Anja Jauernig, currently associate professor of philosophy at the University of Pittsburgh, has accepted a senior offer from New York University, starting in January, 2015 (via Leiter). One could say she works on Kant and early modern philosophy, or one could just defer to her own words, which include a brief defense of the history of philosophy:

My main interests in philosophy lie in an area that one might call ‘historically informed and inspired philosophy’ by which I mean a kind of philosophy that is grounded in the ideas and questions of philosophers of the past but also contributes to the contemporary philosophical debate. My motivation to engage in a dialogue with these historical figures is not mere historical curiosity but primarily the belief that such a dialogue is an invaluable tool for gaining a better understanding of central philosophical problems that are as gripping and difficult today as they were back then.
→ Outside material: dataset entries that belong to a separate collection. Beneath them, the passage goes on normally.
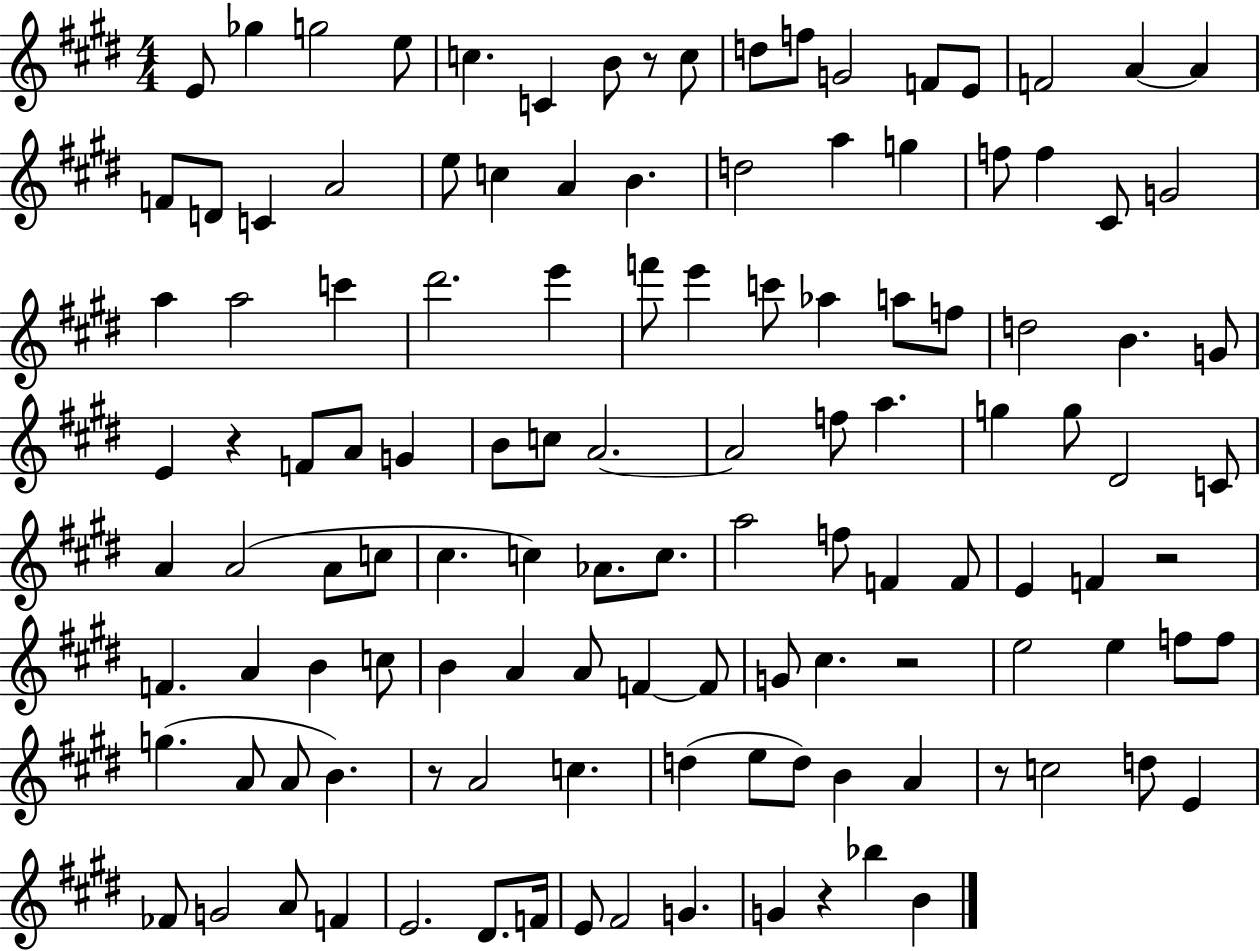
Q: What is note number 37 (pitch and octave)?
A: F6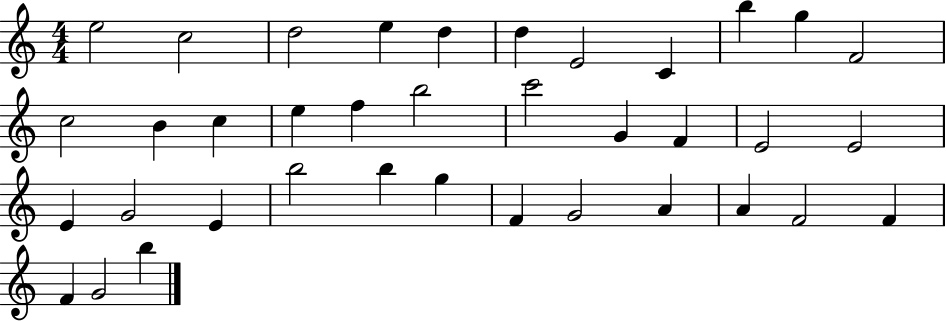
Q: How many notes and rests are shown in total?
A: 37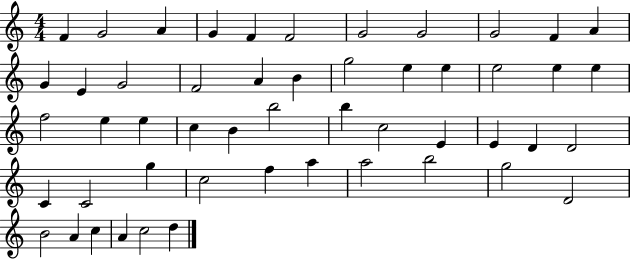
{
  \clef treble
  \numericTimeSignature
  \time 4/4
  \key c \major
  f'4 g'2 a'4 | g'4 f'4 f'2 | g'2 g'2 | g'2 f'4 a'4 | \break g'4 e'4 g'2 | f'2 a'4 b'4 | g''2 e''4 e''4 | e''2 e''4 e''4 | \break f''2 e''4 e''4 | c''4 b'4 b''2 | b''4 c''2 e'4 | e'4 d'4 d'2 | \break c'4 c'2 g''4 | c''2 f''4 a''4 | a''2 b''2 | g''2 d'2 | \break b'2 a'4 c''4 | a'4 c''2 d''4 | \bar "|."
}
Philosophy does not happen in a vacuum, it is a discipline with a rich history. To my mind, the presuppositions and implicit assumptions that are built into many philosophical questions and problems can only be adequately understood if their historical lineage is sufficiently appreciated. And since understanding the presuppositions of a problem is a necessary condition for understanding the problem itself, and since understanding a problem is a necessary condition for solving it, I take a certain amount of historical work to be an essential component of any kind of responsible philosophical research…. The historical period that I feel most at home in ranges from the mid-17th to the early 20th century. Within this period I am especially interested in all things rationalist and idealist. My favorite dead interlocutors are Gottfried Wilhelm Leibniz and Immanuel Kant.